A leasehold is an interest in real property in which the leaseholder doesn't own a specific piece of property but possesses a long-term lease. It involves a written rental agreement for an extended period of time. A leasehold often refers to improvements on real property when the improvements are built on land owned by one party which is leased for a long term to the owner of the building.

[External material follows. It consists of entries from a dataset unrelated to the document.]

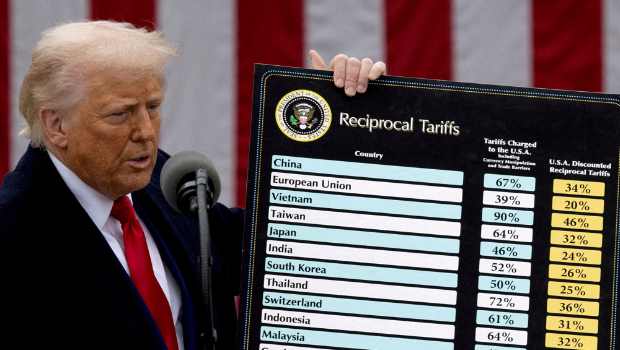 2025年4月2日，美國(guó)總統(tǒng)特朗普在白宮發(fā)表對(duì)等關(guān)稅稅率時(shí)留影。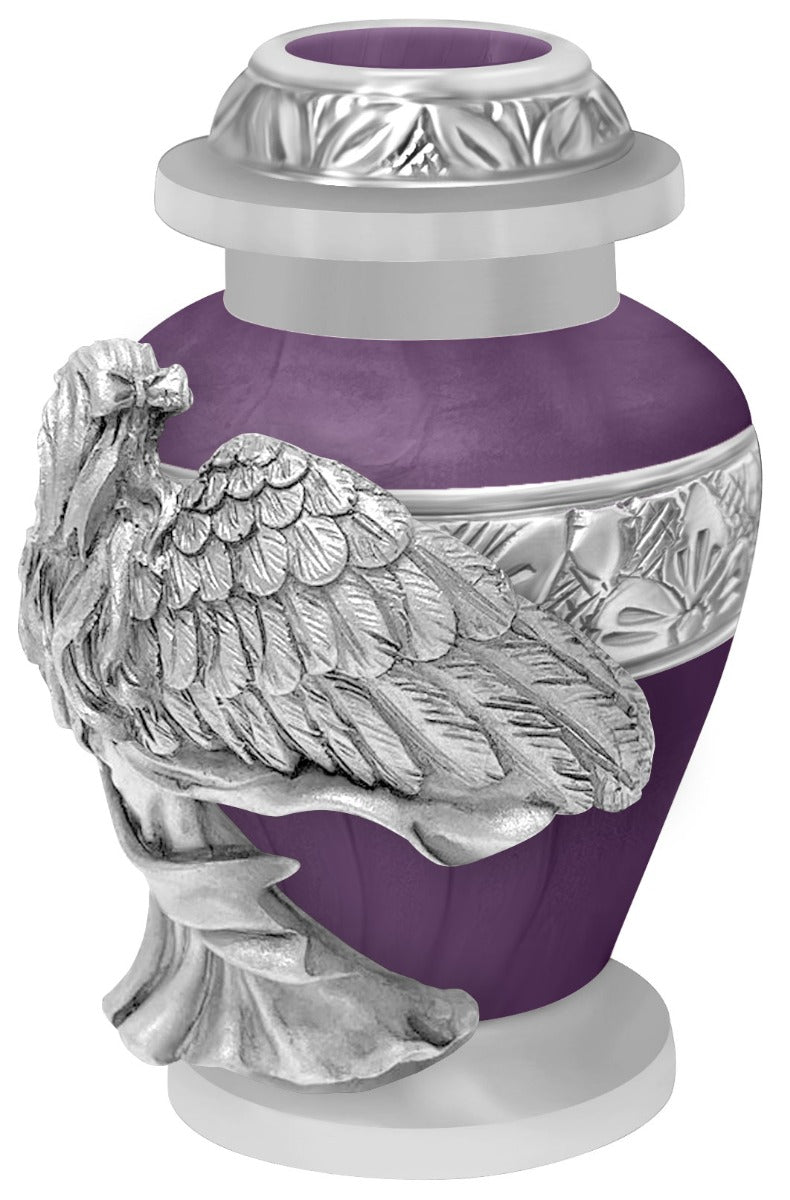 Wings of an Angel Purple Keepsake Urn - Engraving Option 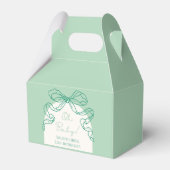 レトロお洒落セージ手引き弓ベビーシャワー フェイバーボックス (正面サイド)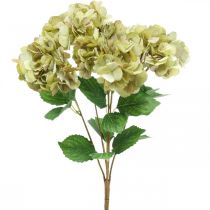 Hortensia boeket kunstgroen, bruin 5 bloemen 48cm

The following is an example of a state statute governing leaseholds:
(1) "Leasehold interest" shall mean an interest in publicly owned real or personal property which exists by virtue of any lease, permit, license, or any other agreement, written or verbal, between the public owner of the property and a person who would not be exempt from property taxes if that person owned the property in fee, granting possession and use, to a degree less than fee simple ownership: PROVIDED, That no interest in personal property (excluding land or buildings) which is owned by the United States, whether or not as trustee, or by any foreign government shall constitute a leasehold interest hereunder when the right to use such property is granted pursuant to a contract solely for the manufacture or production of articles for sale to the United States or any foreign government. The term "leasehold interest" shall include the rights of use or occupancy by others of property which is owned in fee or held in trust by a public corporation, commission, or authority created under RCW 35.21.730 or 35.21.660 if the property is listed on or is within a district listed on any federal or state register of historical sites. The term "leasehold interest" shall not include road or utility easements, rights of access, occupancy, or use granted solely for the purpose of removing materials or products purchased from a public owner or the lessee of a public owner, or rights of access, occupancy, or use granted solely for the purpose of natural energy resource exploration.